My first question was who paid for the study? Ghirardelli, Hershey’s, Mars? I’m cynical by nature, plus I wanted to write and thank them. So I read every article I could find about the research, but I couldn’t find the name of the sponsor. I did get really hungry for chocolate though.

And I could finally feel good about buying it! For years I’ve denied myself. Or rather, for years I’ve thought I should deny myself. No more. But I’m determined not to go overboard like I did back when I heard that eating oily fish is good for your heart. I went out and bought a crate of herring.

No, I’m kidding. I didn’t do that. But I did buy A LOT of Easter candy this year. You may be wondering what my body mass index is after letting myself go like that. BMI is determined by dividing your weight in pounds by your height in inches squared, and multiplying by a conversion factor of 703. In other words, it’s none of your business.

I will say this much: My jeans still zip. That’s a surprise, because even if chocolate consumption does lower BMI, I doubt the same can be said for the peanut butter or the malted milk inside.

I have some concerns about the study anyway, the main one being that it relied on participants to report accurately and honestly how frequently they’d eaten chocolate in the past. Didn’t it occur to the researchers that chocolate eaters might . . . uh . . . fudge the numbers a little?

It should also be noted that the study focused on how often subjects ate chocolate, not how much of it they ate.
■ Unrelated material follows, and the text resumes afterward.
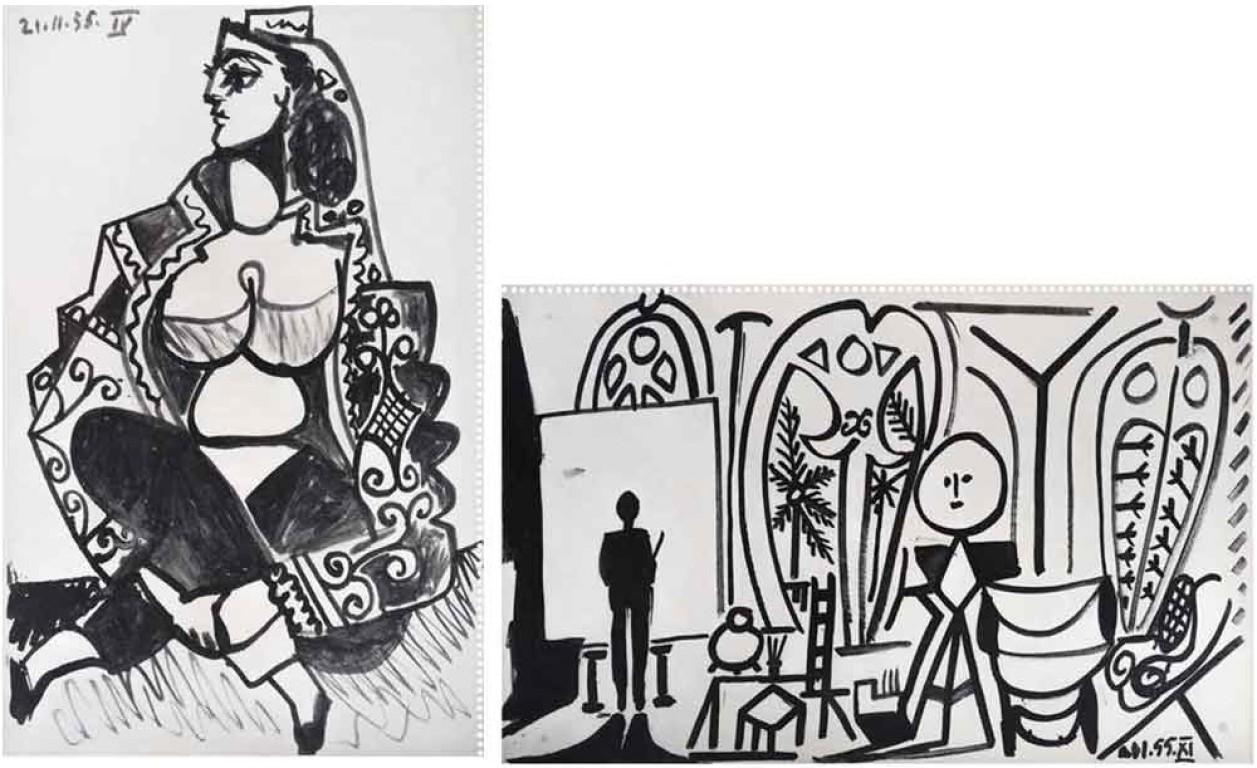 Mujer IV, de la carpeta Carnet 1 de noviembre de 1955 - 14 gennaio 1956 - Print by Pablo Picasso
So the researchers couldn’t make any recommendations about how much chocolate one must eat to lower BMI. And I want to know! Or maybe I don’t want to know. Some studies linking chocolate consumption to good health say all that is needed is a square a day. But a square what? A square foot?

Other studies say as little as four grams a day is all it takes. Anymore than that is extra calories. I have no experience with grams, except for graham crackers. And I don’t think that’s where the term comes from. So in the interest of science, I went out and bought myself a Hershey bar. I was shocked to read on the label that my little candy bar weighed 43 grams. If I were to eat just four grams a day, it would take me 11 days to eat that candy bar and on the last day, I’d be forced to have a couple of Hershey kisses to round it up to four grams.

No chocolate fan I know could eat just four ounces of chocolate and leave the rest for another day. It’s clear to me this important topic deserves a lot more study. So I ate the Hershey bar.